You have the right to confidentiality under the Data Protection Act 1998 (DPA), the Human Rights Act 1998 (HRA), the Health and Social Care Act 2012 (HSCA) as well as the common law duty of confidence. The Equality Act 2010 may also apply in some circumstances.
You have the right to know what information we hold about you, what we use it for and if the information is to be shared, who it will be shared with.
You have the right to:
- apply for access;
- obtain a copy of your record in a permanent form; and
- have the information provided to you in a way you can understand and explained where necessary, such as when abbreviations are used.
Where you agree, the access right may be met by enabling you to view your record, without obtaining a copy.

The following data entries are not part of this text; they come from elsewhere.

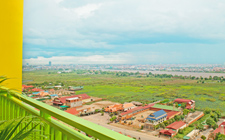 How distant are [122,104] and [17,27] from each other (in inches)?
88.2

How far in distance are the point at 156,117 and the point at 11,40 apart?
262 cm

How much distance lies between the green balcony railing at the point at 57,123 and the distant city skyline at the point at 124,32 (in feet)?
4.89

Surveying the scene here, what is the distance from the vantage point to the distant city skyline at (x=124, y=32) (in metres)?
1.92

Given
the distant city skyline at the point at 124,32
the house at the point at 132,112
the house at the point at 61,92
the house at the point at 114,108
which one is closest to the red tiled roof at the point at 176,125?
the house at the point at 132,112

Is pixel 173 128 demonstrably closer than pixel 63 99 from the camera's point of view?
Yes

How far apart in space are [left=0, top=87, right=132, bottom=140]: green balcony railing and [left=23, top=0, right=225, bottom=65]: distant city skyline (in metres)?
1.49

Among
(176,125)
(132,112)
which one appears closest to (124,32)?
(132,112)

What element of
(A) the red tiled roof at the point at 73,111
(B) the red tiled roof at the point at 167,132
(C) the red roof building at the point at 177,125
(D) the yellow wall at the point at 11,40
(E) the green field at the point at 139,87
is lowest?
(A) the red tiled roof at the point at 73,111

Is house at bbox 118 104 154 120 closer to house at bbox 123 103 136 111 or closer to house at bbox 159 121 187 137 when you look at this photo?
house at bbox 123 103 136 111

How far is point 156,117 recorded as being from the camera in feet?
5.72

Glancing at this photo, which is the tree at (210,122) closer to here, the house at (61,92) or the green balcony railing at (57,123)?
the green balcony railing at (57,123)

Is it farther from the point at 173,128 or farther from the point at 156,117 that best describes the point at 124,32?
the point at 173,128

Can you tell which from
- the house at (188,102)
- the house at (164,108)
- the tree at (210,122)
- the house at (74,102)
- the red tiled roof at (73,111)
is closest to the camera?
the tree at (210,122)

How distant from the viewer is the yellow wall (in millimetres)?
2830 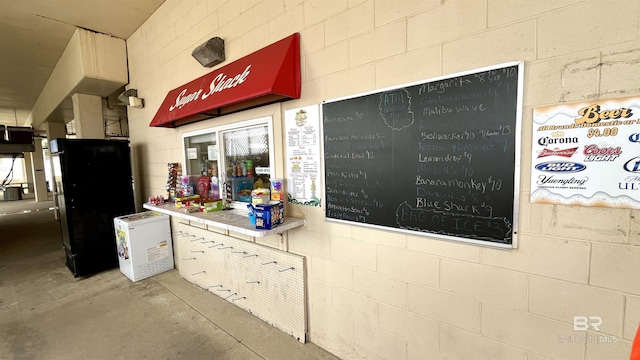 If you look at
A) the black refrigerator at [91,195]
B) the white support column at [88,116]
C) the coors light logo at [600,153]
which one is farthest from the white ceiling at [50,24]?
the coors light logo at [600,153]

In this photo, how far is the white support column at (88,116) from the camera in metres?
4.61

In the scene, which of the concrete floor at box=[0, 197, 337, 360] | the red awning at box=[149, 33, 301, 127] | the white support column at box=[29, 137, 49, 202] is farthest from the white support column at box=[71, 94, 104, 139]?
the white support column at box=[29, 137, 49, 202]

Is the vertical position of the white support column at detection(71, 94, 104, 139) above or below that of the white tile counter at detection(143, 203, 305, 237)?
above

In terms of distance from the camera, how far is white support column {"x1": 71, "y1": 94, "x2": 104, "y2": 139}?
4605mm

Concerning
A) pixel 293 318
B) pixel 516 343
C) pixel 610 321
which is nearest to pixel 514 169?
pixel 610 321

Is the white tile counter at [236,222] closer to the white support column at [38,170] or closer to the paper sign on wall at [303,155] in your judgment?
the paper sign on wall at [303,155]

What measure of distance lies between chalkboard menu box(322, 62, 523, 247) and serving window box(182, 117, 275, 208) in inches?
32.6

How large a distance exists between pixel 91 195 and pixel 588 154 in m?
5.32

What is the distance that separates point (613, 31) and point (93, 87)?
6140 millimetres

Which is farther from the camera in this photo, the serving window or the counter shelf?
the serving window

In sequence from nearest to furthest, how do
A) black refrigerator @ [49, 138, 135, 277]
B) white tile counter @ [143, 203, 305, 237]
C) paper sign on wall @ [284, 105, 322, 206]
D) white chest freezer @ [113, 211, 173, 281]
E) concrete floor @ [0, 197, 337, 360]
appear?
white tile counter @ [143, 203, 305, 237] → paper sign on wall @ [284, 105, 322, 206] → concrete floor @ [0, 197, 337, 360] → white chest freezer @ [113, 211, 173, 281] → black refrigerator @ [49, 138, 135, 277]

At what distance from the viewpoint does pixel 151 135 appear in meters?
4.05

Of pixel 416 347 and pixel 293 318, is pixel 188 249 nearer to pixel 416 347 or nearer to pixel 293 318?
pixel 293 318

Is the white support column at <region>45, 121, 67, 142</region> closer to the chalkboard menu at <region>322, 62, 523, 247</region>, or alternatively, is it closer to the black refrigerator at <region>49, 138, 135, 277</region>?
the black refrigerator at <region>49, 138, 135, 277</region>
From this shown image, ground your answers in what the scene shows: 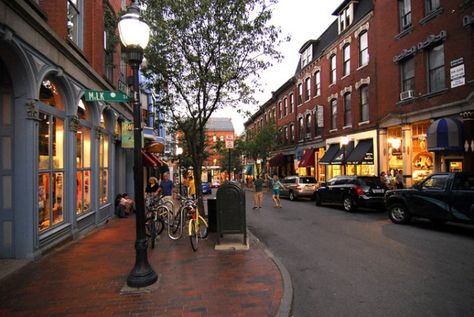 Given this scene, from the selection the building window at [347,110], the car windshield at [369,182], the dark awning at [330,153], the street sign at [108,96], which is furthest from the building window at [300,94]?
the street sign at [108,96]

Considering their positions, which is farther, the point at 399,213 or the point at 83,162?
the point at 399,213

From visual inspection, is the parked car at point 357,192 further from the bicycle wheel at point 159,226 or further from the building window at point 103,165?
the building window at point 103,165

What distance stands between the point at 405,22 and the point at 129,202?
1644cm

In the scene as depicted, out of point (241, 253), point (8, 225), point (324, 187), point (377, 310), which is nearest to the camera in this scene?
point (377, 310)

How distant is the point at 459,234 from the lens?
8773 millimetres

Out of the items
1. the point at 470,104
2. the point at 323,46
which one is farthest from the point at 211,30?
the point at 323,46

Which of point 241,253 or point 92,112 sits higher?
point 92,112

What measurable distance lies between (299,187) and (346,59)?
9.90 m

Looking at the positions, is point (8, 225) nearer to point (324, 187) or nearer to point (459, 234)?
point (459, 234)

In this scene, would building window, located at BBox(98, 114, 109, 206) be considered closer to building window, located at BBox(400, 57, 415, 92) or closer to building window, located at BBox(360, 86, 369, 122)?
building window, located at BBox(400, 57, 415, 92)

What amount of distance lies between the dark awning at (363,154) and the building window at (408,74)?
13.0 ft

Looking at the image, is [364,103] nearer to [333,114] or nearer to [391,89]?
[391,89]

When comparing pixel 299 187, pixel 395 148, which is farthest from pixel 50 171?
pixel 395 148

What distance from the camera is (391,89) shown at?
17.7 metres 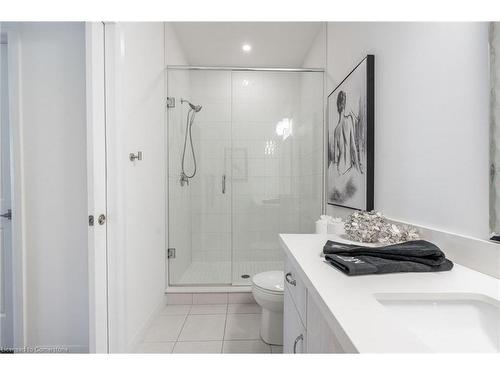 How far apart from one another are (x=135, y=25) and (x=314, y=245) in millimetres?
1620

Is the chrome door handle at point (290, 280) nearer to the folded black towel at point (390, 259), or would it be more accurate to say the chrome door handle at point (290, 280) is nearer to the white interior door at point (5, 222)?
the folded black towel at point (390, 259)

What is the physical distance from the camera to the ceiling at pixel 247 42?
86.4 inches

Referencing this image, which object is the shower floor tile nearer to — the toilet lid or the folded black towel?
the toilet lid

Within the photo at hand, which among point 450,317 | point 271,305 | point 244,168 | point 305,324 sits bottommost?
point 271,305

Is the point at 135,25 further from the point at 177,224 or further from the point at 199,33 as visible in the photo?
the point at 177,224

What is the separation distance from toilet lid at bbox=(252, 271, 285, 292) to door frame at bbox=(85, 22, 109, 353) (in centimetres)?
86

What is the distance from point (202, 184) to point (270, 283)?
128 centimetres

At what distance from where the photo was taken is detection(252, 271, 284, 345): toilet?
146 centimetres

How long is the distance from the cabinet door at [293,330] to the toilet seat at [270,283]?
15.6 inches

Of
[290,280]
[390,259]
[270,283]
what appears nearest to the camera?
[390,259]

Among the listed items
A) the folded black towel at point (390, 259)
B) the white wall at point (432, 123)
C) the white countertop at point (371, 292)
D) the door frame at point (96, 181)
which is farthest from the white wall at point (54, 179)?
the white wall at point (432, 123)

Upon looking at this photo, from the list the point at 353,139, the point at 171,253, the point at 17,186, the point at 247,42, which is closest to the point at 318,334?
the point at 353,139

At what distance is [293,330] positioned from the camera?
910 mm

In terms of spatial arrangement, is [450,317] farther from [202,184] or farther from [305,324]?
[202,184] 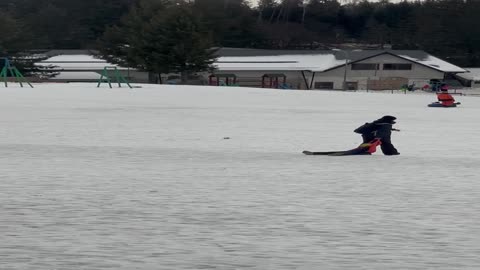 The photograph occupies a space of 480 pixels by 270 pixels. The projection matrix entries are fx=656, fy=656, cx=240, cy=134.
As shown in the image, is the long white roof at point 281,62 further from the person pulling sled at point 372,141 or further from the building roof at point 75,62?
the person pulling sled at point 372,141

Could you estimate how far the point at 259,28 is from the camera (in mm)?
92438

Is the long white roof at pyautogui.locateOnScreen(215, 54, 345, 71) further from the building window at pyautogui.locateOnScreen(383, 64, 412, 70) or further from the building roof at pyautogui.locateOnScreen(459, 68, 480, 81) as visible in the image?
the building roof at pyautogui.locateOnScreen(459, 68, 480, 81)

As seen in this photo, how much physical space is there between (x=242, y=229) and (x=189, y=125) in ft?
37.4

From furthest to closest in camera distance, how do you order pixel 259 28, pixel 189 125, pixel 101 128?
Answer: pixel 259 28
pixel 189 125
pixel 101 128

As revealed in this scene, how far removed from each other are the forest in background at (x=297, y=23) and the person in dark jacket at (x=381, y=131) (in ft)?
197

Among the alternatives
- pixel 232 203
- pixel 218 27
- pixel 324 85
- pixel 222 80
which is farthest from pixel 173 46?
pixel 232 203

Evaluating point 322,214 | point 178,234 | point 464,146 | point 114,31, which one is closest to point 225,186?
point 322,214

Under normal circumstances we will not transfer your information outside of the European Economic Area, however there may be occasions where you require this information to be sent. In these instances, we will ask for and record your consent to do so and will take reasonable steps to ensure the safety of the information that is sent.
How do we keep your records confidential and secure?
Everyone working in the NHS has a legal and professional duty to ensure that all your information is safely and securely protected and kept confidential. All organisations providing care for the NHS or on its behalf must follow the same strict policies and controls as managed by the Department of Health’s Information Governance Framework.
The sharing of your information is strictly controlled. We will not pass on information about you to third parties without your permission unless there are exceptional circumstances, for example, where we are required to by law.
In all cases, where personal information is shared, either with or without your consent, a record will be kept. We also adhere to the revised Caldicott Principles to make sure information is accessed and held securely and appropriately.
Our secure networks, internal and external IT safeguards, use of the national NHS smartcard system and audits all ensure we protect your right to privacy and confidentiality. We only keep your records as long as we need to and are required to by law / national codes (for example, the NHS Records Management Code of Practice) after which they are securely destroyed.